Work to complete: Exact wording is required: give all the records again, minus the pictures.

### The data

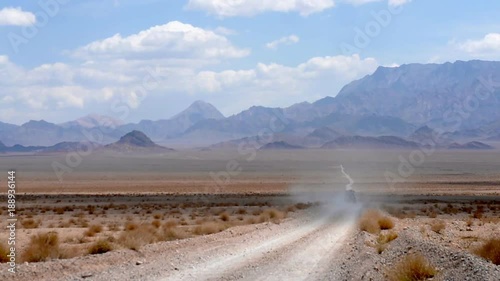 car is moving along a deserted road, raising a lot of dust, chasing a ridge on the horizon, beautiful white clouds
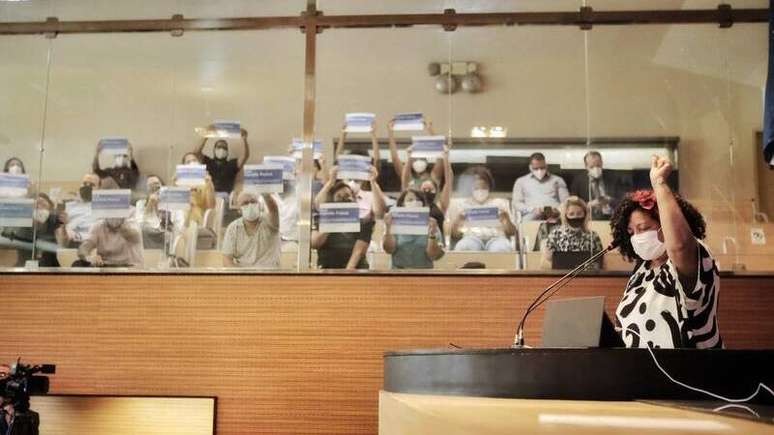 Imagem mostra a vereadora Dani Portela no canto direito falando durante plenária. Ao fundo, cidadãos sentados seguram placas escritas "Rua Marielle Franco"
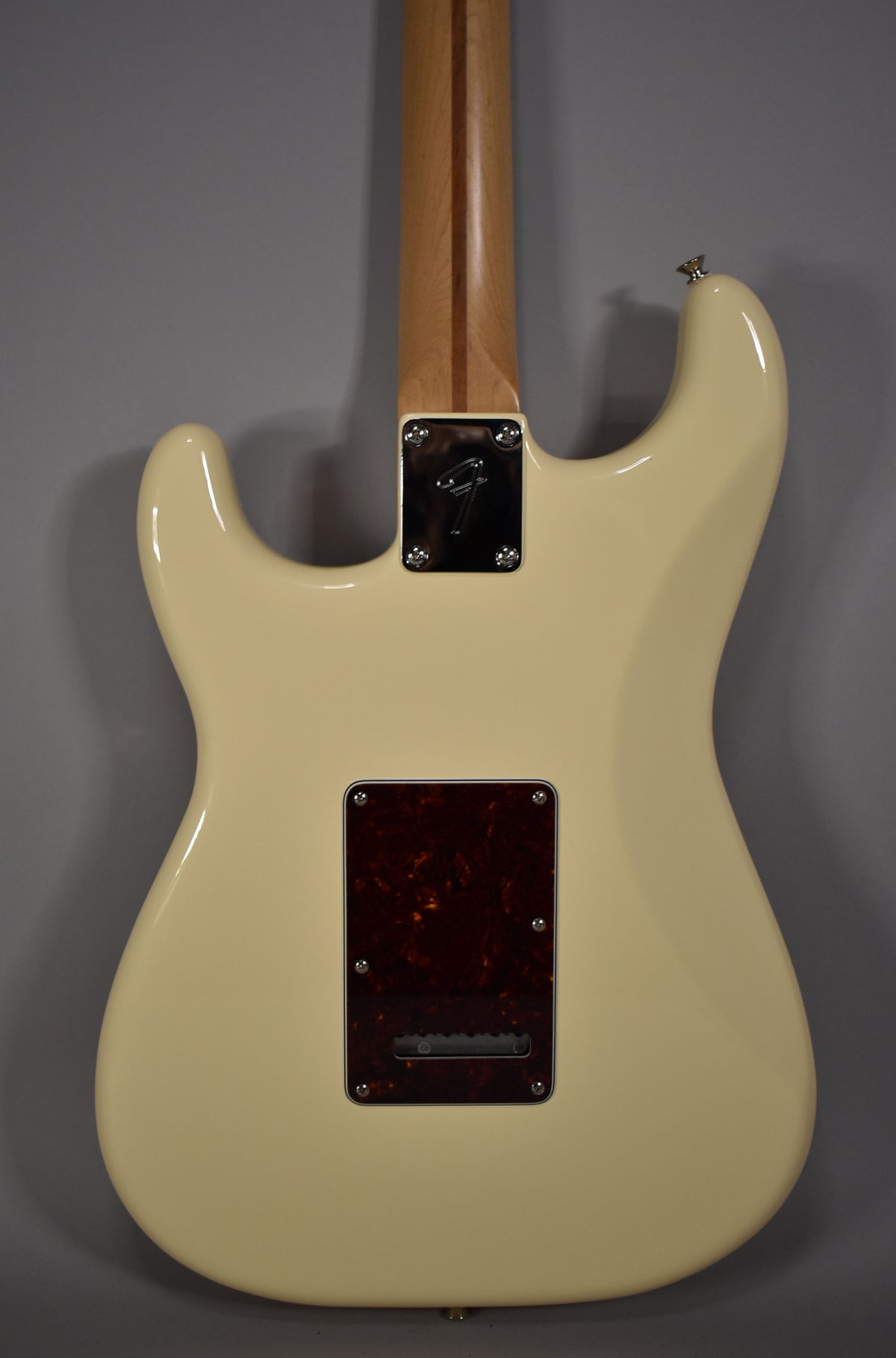 Rear view of an Olympic White Stratocaster body, showing the neck joint, a tortoiseshell tremolo cover, and a light maple neck.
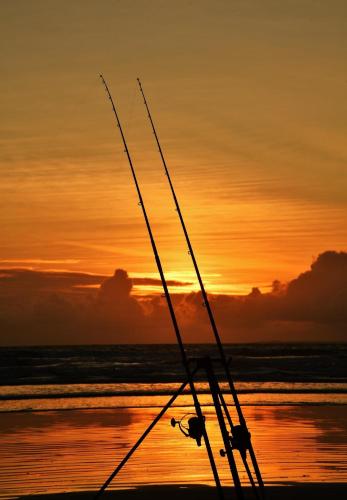 two fishing rods sitting on the beach at sunset at Peaceful bliss 200 meters from the beach in Rossnowlagh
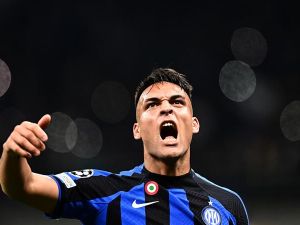 Inter Milan's Argentinian forward Lautaro Martinez celebrates after scoring his side's second goal during the UEFA Champions League quarter-finals second leg football match between Inter Milan and Benfica Lisbon on April 19, 2023 at the Giuseppe-Meazza (San Siro) stadium in Milan. (Photo by GABRIEL BOUYS / AFP)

######

Exercise response:
 car is moving along a deserted road, raising a lot of dust, chasing a ridge on the horizon, beautiful white clouds
 Imagem mostra a vereadora Dani Portela no canto direito falando durante plenária. Ao fundo, cidadãos sentados seguram placas escritas "Rua Marielle Franco"
 Rear view of an Olympic White Stratocaster body, showing the neck joint, a tortoiseshell tremolo cover, and a light maple neck.
 two fishing rods sitting on the beach at sunset at Peaceful bliss 200 meters from the beach in Rossnowlagh
 Inter Milan's Argentinian forward Lautaro Martinez celebrates after scoring his side's second goal during the UEFA Champions League quarter-finals second leg football match between Inter Milan and Benfica Lisbon on April 19, 2023 at the Giuseppe-Meazza (San Siro) stadium in Milan. (Photo by GABRIEL BOUYS / AFP)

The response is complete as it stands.